[Dataset items]
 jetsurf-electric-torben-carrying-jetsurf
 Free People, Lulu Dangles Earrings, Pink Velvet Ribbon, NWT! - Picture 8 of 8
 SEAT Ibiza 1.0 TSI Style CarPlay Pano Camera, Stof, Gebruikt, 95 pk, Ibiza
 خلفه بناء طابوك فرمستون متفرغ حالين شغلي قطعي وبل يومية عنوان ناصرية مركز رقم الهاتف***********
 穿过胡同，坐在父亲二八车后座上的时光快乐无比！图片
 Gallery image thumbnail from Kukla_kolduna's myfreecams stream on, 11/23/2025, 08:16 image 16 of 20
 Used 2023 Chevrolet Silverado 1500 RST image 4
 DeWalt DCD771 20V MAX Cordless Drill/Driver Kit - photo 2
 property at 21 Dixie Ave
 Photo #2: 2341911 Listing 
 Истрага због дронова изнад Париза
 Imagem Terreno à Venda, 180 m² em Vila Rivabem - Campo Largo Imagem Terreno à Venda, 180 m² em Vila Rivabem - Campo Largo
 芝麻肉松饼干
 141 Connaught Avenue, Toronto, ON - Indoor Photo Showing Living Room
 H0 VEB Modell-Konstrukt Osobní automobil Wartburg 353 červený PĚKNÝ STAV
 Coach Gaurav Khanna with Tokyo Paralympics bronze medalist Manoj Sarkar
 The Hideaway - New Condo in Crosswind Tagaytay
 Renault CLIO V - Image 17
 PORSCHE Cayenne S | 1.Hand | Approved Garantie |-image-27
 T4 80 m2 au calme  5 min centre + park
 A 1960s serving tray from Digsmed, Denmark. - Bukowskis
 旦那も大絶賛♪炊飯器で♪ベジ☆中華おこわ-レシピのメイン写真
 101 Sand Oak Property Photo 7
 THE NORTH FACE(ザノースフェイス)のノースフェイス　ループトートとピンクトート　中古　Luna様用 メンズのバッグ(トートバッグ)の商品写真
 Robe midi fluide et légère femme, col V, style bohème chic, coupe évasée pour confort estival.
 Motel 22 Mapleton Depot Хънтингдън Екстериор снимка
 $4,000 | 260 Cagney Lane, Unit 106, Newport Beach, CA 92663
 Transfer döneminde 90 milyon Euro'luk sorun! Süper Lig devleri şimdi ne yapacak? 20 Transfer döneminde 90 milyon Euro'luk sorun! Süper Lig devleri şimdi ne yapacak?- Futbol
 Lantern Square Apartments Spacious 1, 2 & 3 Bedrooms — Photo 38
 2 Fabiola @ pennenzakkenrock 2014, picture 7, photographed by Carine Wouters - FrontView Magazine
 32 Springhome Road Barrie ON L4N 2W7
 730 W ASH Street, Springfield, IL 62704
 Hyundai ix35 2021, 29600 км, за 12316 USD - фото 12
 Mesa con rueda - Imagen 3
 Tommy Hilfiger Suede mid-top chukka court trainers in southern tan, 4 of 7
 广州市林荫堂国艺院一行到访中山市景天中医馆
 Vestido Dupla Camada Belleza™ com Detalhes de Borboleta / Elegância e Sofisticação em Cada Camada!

[What is expected]
Give back all of the records exactly as they were provided above.

[Task output]
 jetsurf-electric-torben-carrying-jetsurf
 Free People, Lulu Dangles Earrings, Pink Velvet Ribbon, NWT! - Picture 8 of 8
 SEAT Ibiza 1.0 TSI Style CarPlay Pano Camera, Stof, Gebruikt, 95 pk, Ibiza
 خلفه بناء طابوك فرمستون متفرغ حالين شغلي قطعي وبل يومية عنوان ناصرية مركز رقم الهاتف***********
 穿过胡同，坐在父亲二八车后座上的时光快乐无比！图片
 Gallery image thumbnail from Kukla_kolduna's myfreecams stream on, 11/23/2025, 08:16 image 16 of 20
 Used 2023 Chevrolet Silverado 1500 RST image 4
 DeWalt DCD771 20V MAX Cordless Drill/Driver Kit - photo 2
 property at 21 Dixie Ave
 Photo #2: 2341911 Listing 
 Истрага због дронова изнад Париза
 Imagem Terreno à Venda, 180 m² em Vila Rivabem - Campo Largo Imagem Terreno à Venda, 180 m² em Vila Rivabem - Campo Largo
 芝麻肉松饼干
 141 Connaught Avenue, Toronto, ON - Indoor Photo Showing Living Room
 H0 VEB Modell-Konstrukt Osobní automobil Wartburg 353 červený PĚKNÝ STAV
 Coach Gaurav Khanna with Tokyo Paralympics bronze medalist Manoj Sarkar
 The Hideaway - New Condo in Crosswind Tagaytay
 Renault CLIO V - Image 17
 PORSCHE Cayenne S | 1.Hand | Approved Garantie |-image-27
 T4 80 m2 au calme  5 min centre + park
 A 1960s serving tray from Digsmed, Denmark. - Bukowskis
 旦那も大絶賛♪炊飯器で♪ベジ☆中華おこわ-レシピのメイン写真
 101 Sand Oak Property Photo 7
 THE NORTH FACE(ザノースフェイス)のノースフェイス　ループトートとピンクトート　中古　Luna様用 メンズのバッグ(トートバッグ)の商品写真
 Robe midi fluide et légère femme, col V, style bohème chic, coupe évasée pour confort estival.
 Motel 22 Mapleton Depot Хънтингдън Екстериор снимка
 $4,000 | 260 Cagney Lane, Unit 106, Newport Beach, CA 92663
 Transfer döneminde 90 milyon Euro'luk sorun! Süper Lig devleri şimdi ne yapacak? 20 Transfer döneminde 90 milyon Euro'luk sorun! Süper Lig devleri şimdi ne yapacak?- Futbol
 Lantern Square Apartments Spacious 1, 2 & 3 Bedrooms — Photo 38
 2 Fabiola @ pennenzakkenrock 2014, picture 7, photographed by Carine Wouters - FrontView Magazine
 32 Springhome Road Barrie ON L4N 2W7
 730 W ASH Street, Springfield, IL 62704
 Hyundai ix35 2021, 29600 км, за 12316 USD - фото 12
 Mesa con rueda - Imagen 3
 Tommy Hilfiger Suede mid-top chukka court trainers in southern tan, 4 of 7
 广州市林荫堂国艺院一行到访中山市景天中医馆
 Vestido Dupla Camada Belleza™ com Detalhes de Borboleta / Elegância e Sofisticação em Cada Camada!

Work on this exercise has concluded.